On the one hand, nothing about experience is going to change, because things have always been in a state of no-self in the first place; and on the other hand, what we're looking for here is not just a semantic change. So, if the change will not be in the character of experience, and it's not going to be in language, where is it going to be? And if there's going to be no change, what's the difference between someone who has not seen and someone who has?
This is probably stuff that you would say is just getting in the way, and if it's going to be counterproductive then I will try my best to just stop it. But I'm generally very predisposed to approach things in this sort of analytic way, and that propensity was only heightened by my undergrad studies. Wanting to square up all the concepts and semantics - I'm drawn to that like a magnet. But I also get the sense that there's a divide between our approaches here which might be exacerbating our apparent differences. My only desire with this semantics stuff is to get us both on the same page, so we can understand each other just right. I'm just getting the impression that we're not quite there yet. My impulse, in that case, is to hash it out and really get to the bottom of that - but sometimes I know it's easier just to brush it under the rug and trust that the SIMILARITIES between our understandings here will be enough to get the desired result out of the conversation. There is a point of diminishing returns on semantic work and if you think we've hit it we can stop. I just want you to know that I'm not doing it to try to be argumentative. I'm happy to return to more 'direct looking' work.

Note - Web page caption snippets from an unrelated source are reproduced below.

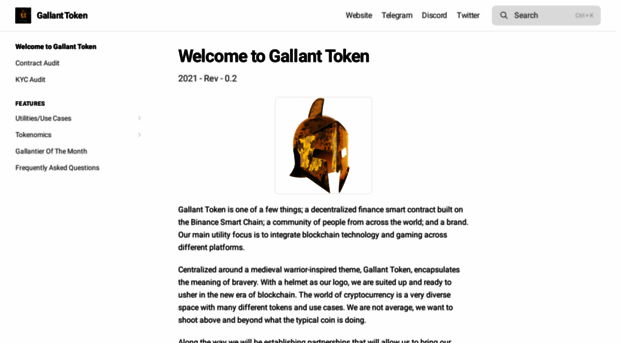 docs.gallanttoken.com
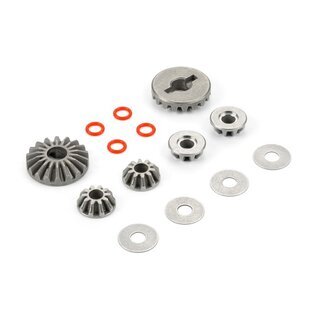 DIFF BEVEL & SATELLITE GEARS FOR O-RINGS - SET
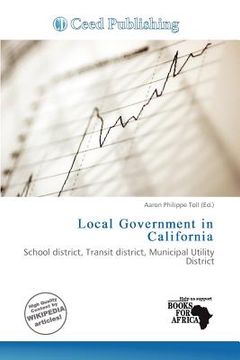 portada local government in california
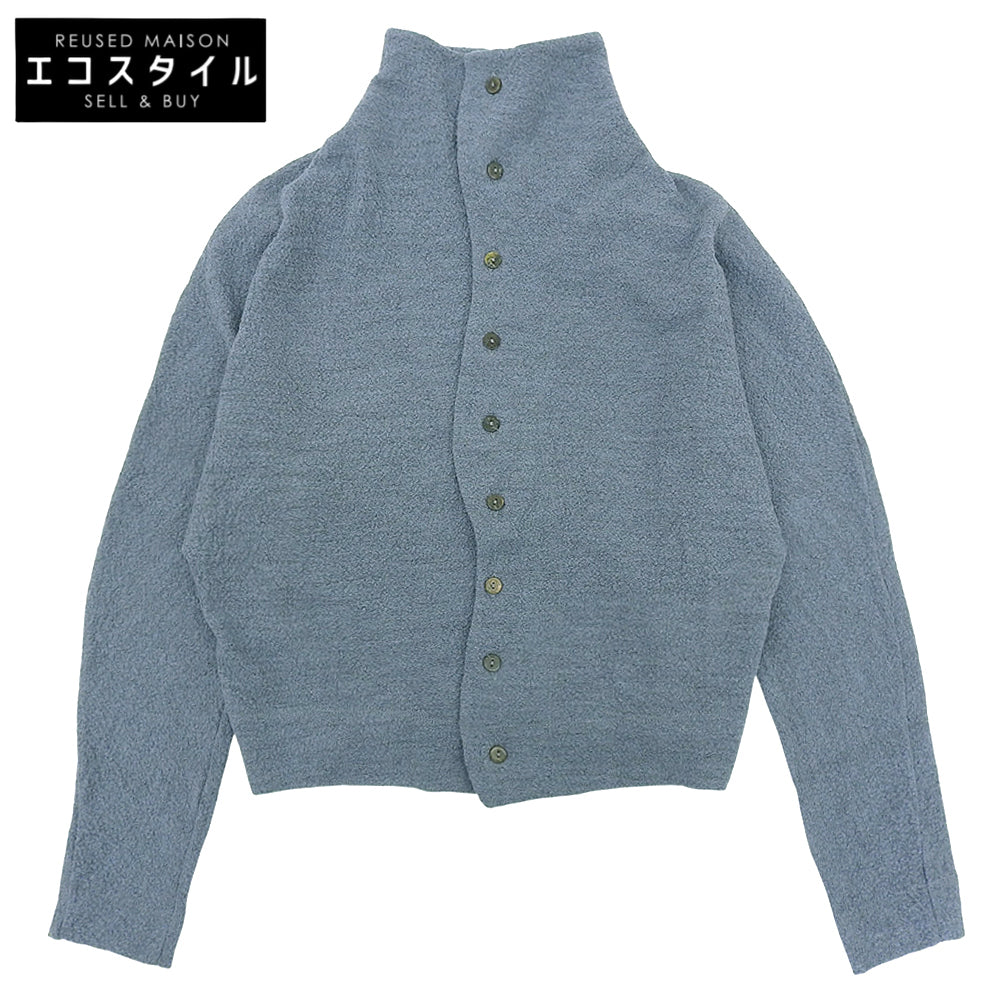 Wool High-Neck Shirt Top Women's Blue M Top M Women's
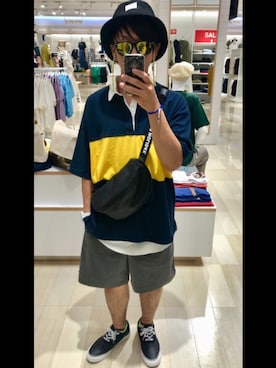 KNさん（メンズ・168cm）の夏コーディネート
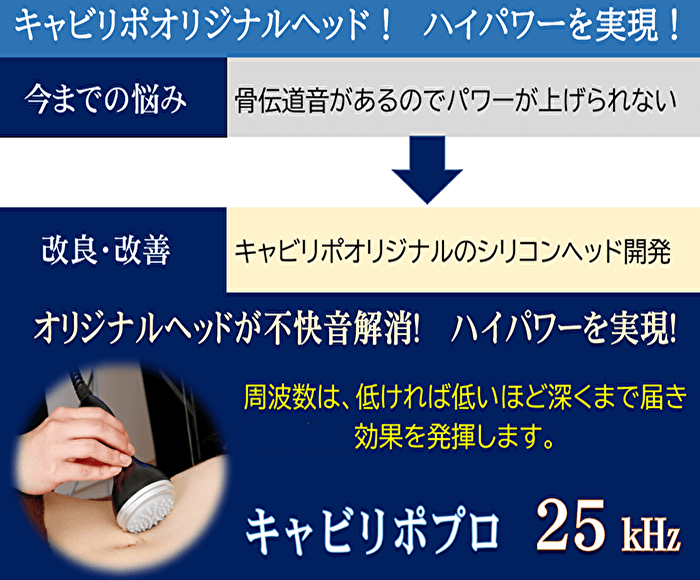 CAVI-LIPO PRO (キャビリポプロ) - 画像 (2)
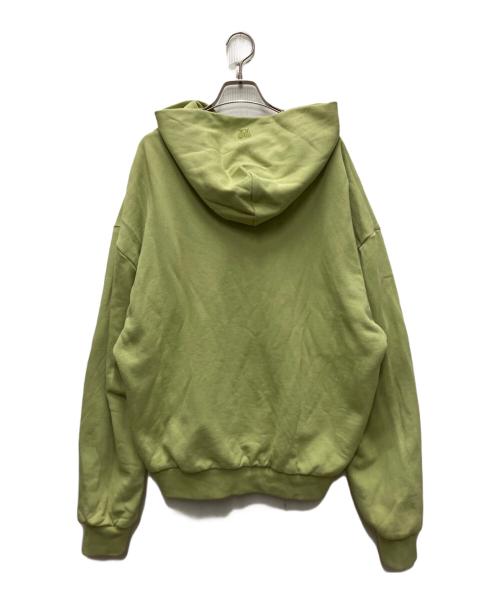 urban Sophistication（アーバンソフィスティケーション）urban Sophistication (アーバンソフィスティケーション) Stolen Zip Hoodie グリーン サイズ:Sの古着・服飾アイテム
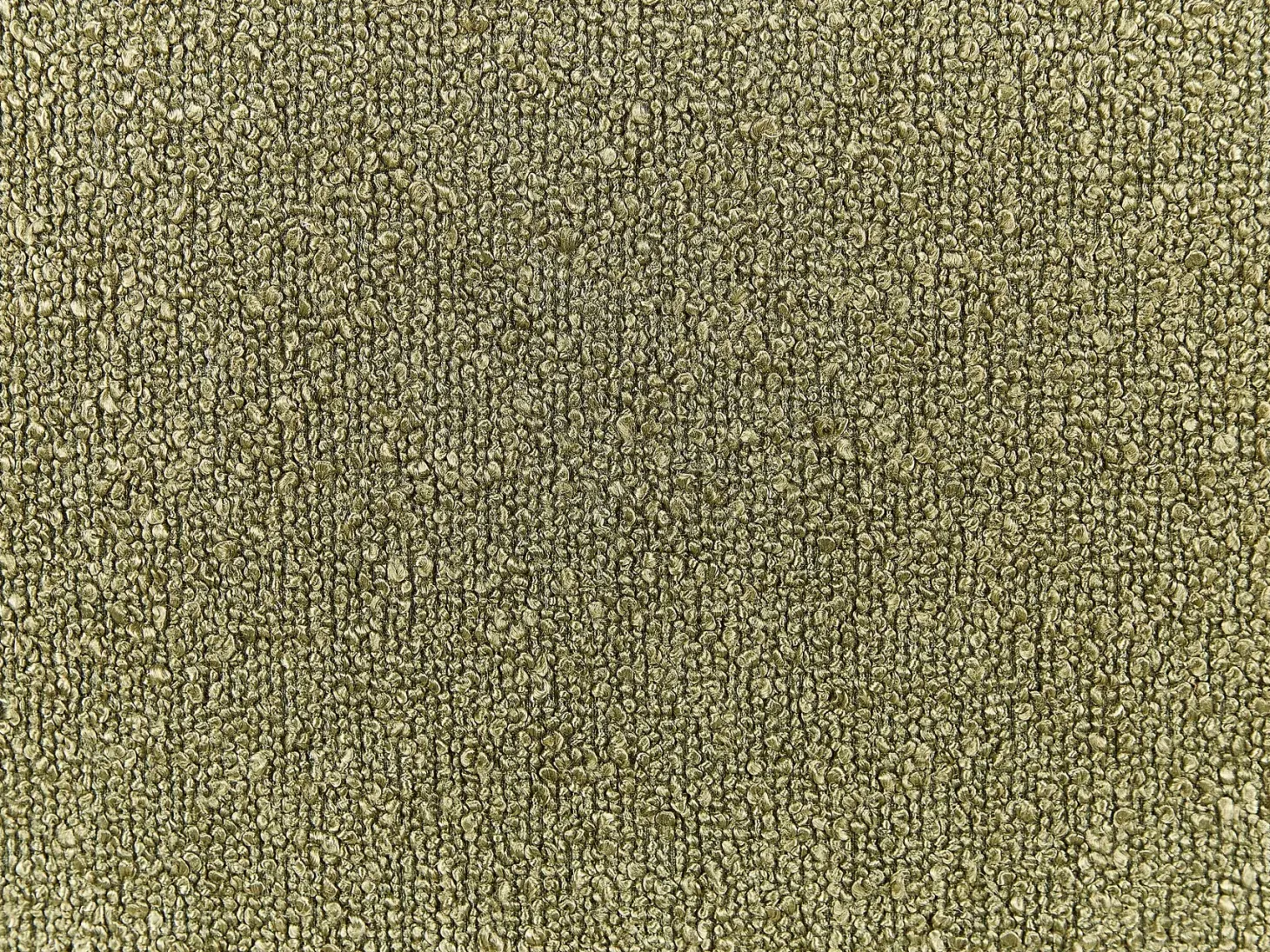 Seng Boucle MARGUT 180 x 200 cm Olivengrøn
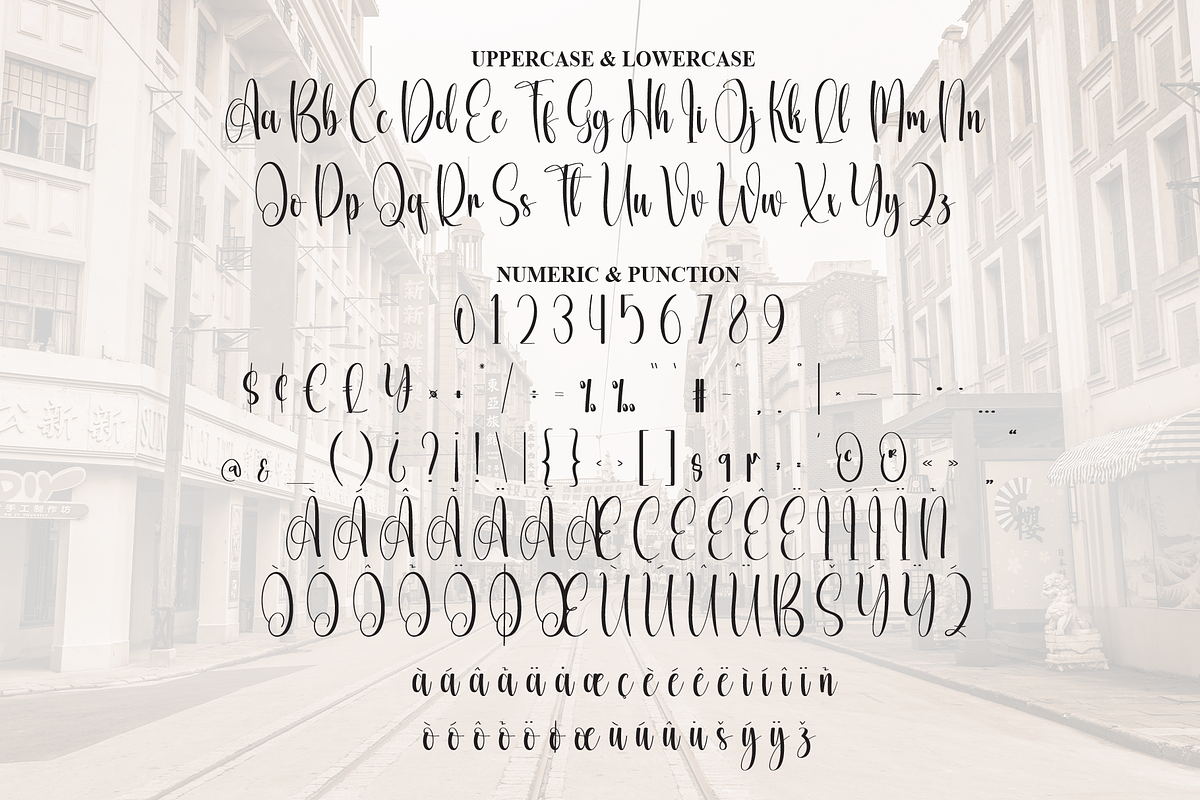 Vintage | Script Font, a Handwritten Font by Scratchones (Photo 7 of 9)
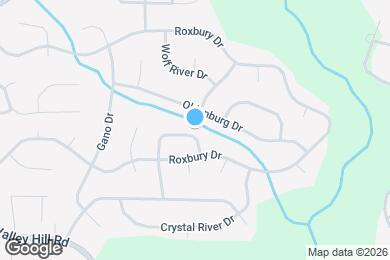 Map image of the property - 6729 Fallawater Cir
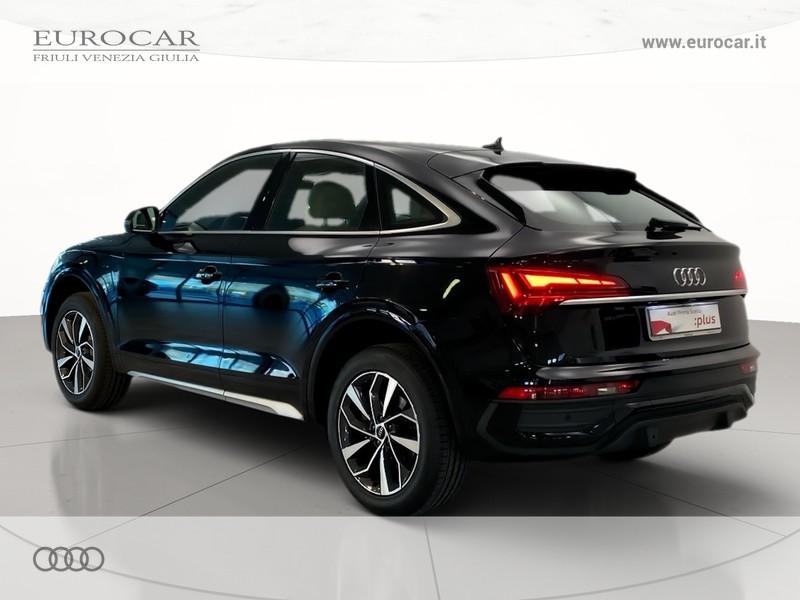 Audi Q5 sportback 40 2.0 tdi mhev 12v business advanced quattro s-tronic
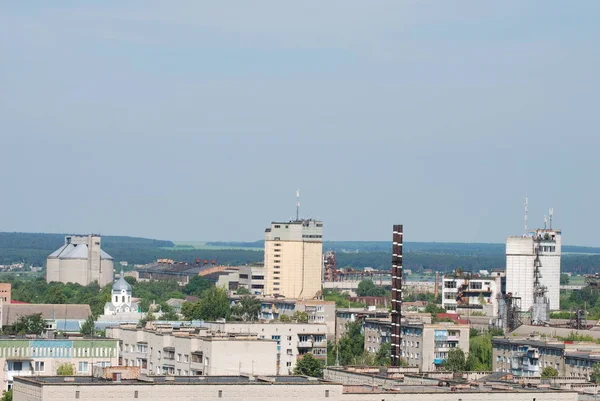 Det nya kvarter området centrerar — Stockfoto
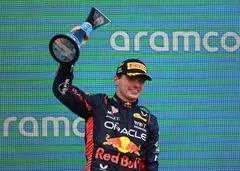 Verstappen has won the last six races in a row, most recently at Silverstone’s British Grand Prix on Sunday, and has had five different teams and drivers finish second in that same period.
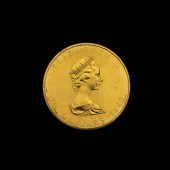 1980 $50 CANADIAN DOLLAR MAPLE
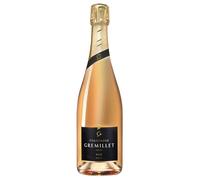 Gremillet Brut Rosé Champagne 0,75 ℓ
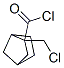 2-Norbornanecarbonyl chloride, 2-(chloromethyl)-(8ci) Structure,25255-75-8Structure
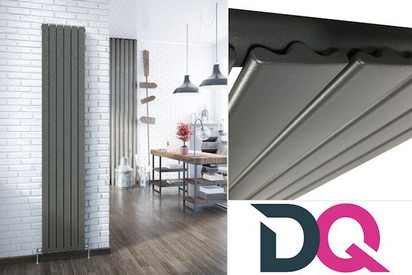 Tornado Grey Steel Radiators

Hmm ... nothing very strong. You see, I'm a very 'in my head' person. I started watching the video with an idea that I was supposed to react a certain way (sentimentally, to put it simply) and was pretty sure I wouldn't feel that way, so when I watched the video all I was thinking about was how I wasn't reacting to it sentimentally and thus was instead just sort of irritated by it. Honestly, I was, I guess, a little jealous of the girl and her family. And this was all coloured by the fact that I was still a little worried that I'd accidentally annoyed you by not answering the question about emotions ... so I was quite distracted.
It does, however, remind me of earlier when you said for me to go out in nature and think as if I was a child experiencing everything for the first time. Obviously, this is related to that...
Thanks for your patience, Hannah.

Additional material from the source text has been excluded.